U.S. Powergrid Vulnerable Says Congressional Report

Cyberattacks affecting the US powergrid are apparently much more common that previously thought.

According to a new congressional report one utility reported 10,000 attempted attacks every month. Apparently utilities, including Investor-Owned Utilities (IOU), are still struggling to come into NERC compliance, which does not necessary address cyber security issues. The report found: "NERC has established both mandatory standards and voluntary measures to protect against the computer worm known as Stuxnet. Of those that responded, 91% of IOUs, 83% of municipally- or cooperatively-owned utilities, and 80% of federal entities that own major pieces of the bulk power system reported compliance with the Stuxnet mandatory standards. By contrast, of those that responded to a separate question regarding compliance with voluntary Stuxnet measures, only 21% of IOUs, 44% of municipally- or cooperatively-owned utilities, and 62.5% of federal entities reported compliance."

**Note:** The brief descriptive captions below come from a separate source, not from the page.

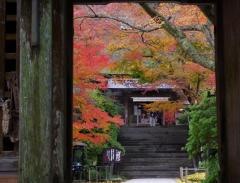 大興善寺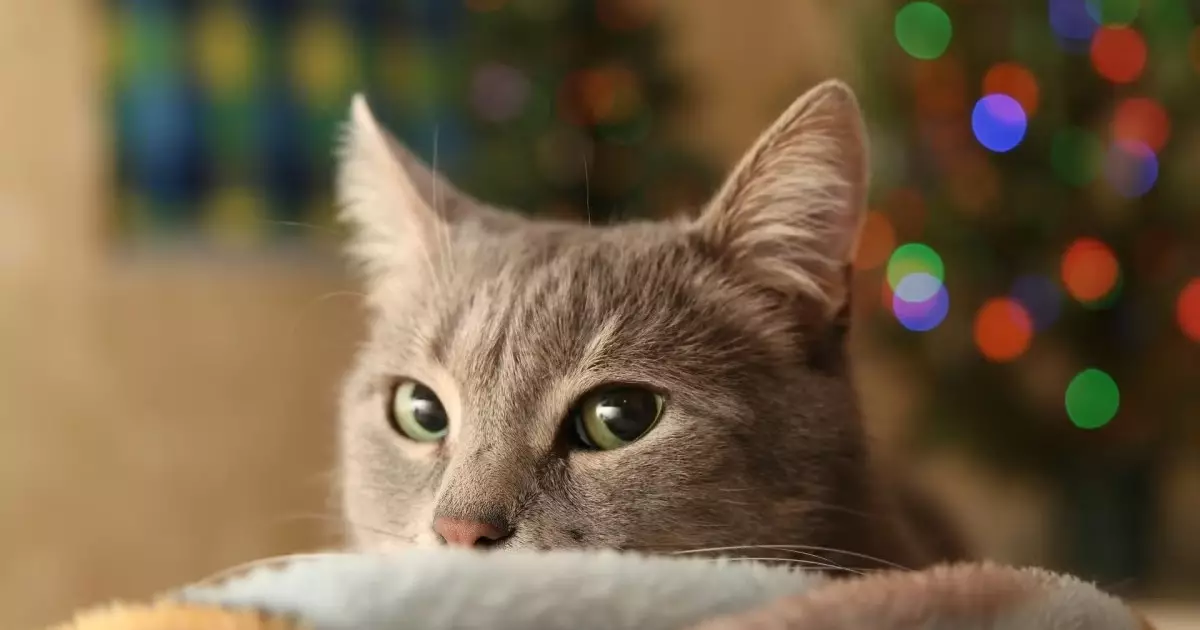  Үйдегі «терапевт»: мысық көңіл-күйді де, денсаулықты да түзетуі мүмкін 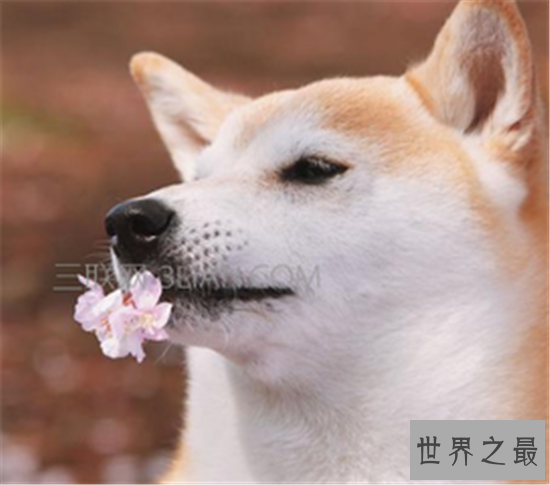 属狗的今年多大年龄才是时运最旺的年龄 属狗人桃花运为什么这么好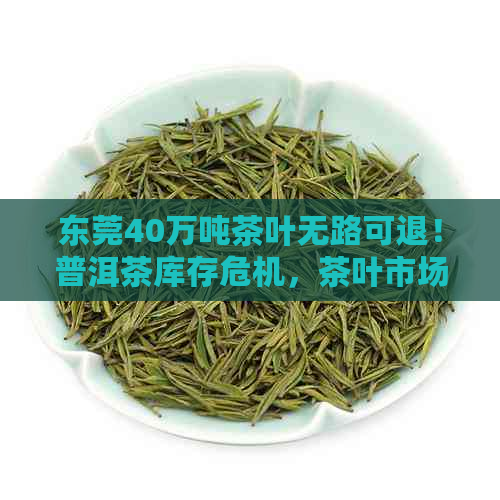 东莞40万吨茶叶无路可退！普洱茶库存危机，茶叶市场何去何从？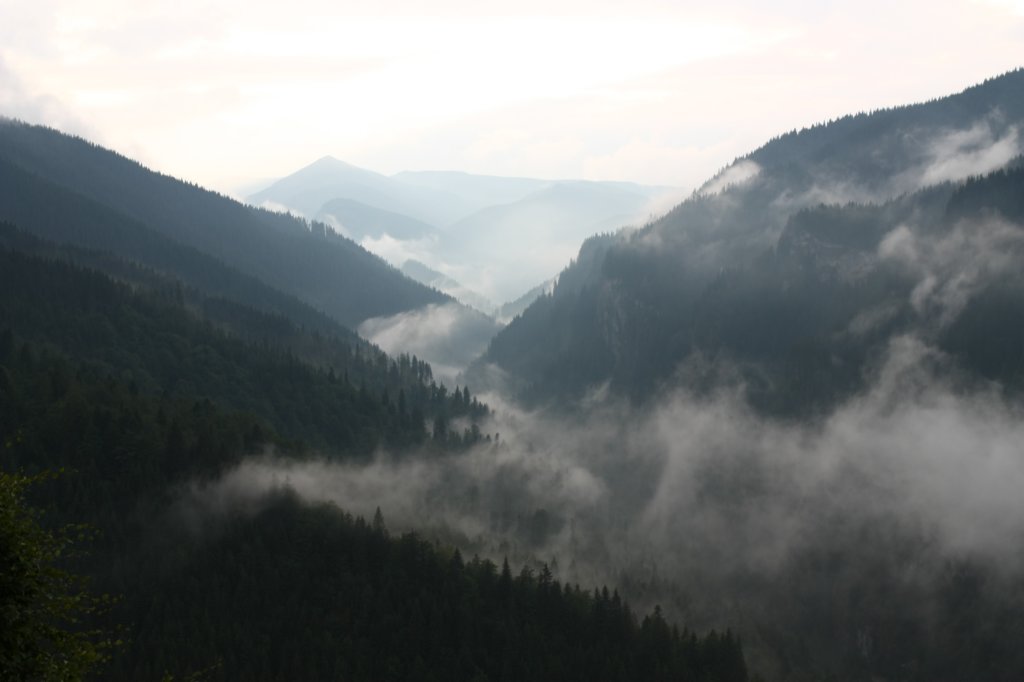 photo17.jpg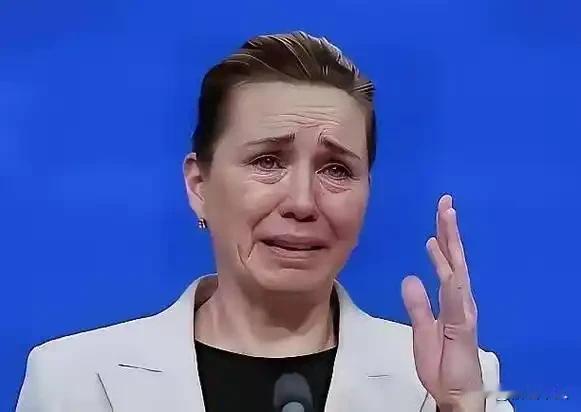 丹麦又在霍霍中国了。说咱们作为常任理事国在联大毫无作为，白占了个位子。丹麦对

This tracks closely to what Joe Weiss told me in a recent DeviceLine Radio interview. He said "I am working with the only electric utility in the United States that I am aware of that number one, is doing an Aurora hardware mitigation project, and is willing to be a test bed for evaluating control systems cybersecurity solutions, because this particular utility, this is the ultimate irony, it’s small enough that it doesn’t have any NERC Critical Cyber Assets, which means it can be an engineer and do the right thing. Isn’t that an incredible statement, that arguably about the only utility in the United States that is going to be secure or trying to be secure is doing so because they don’t have to meet the NERC CIPs?"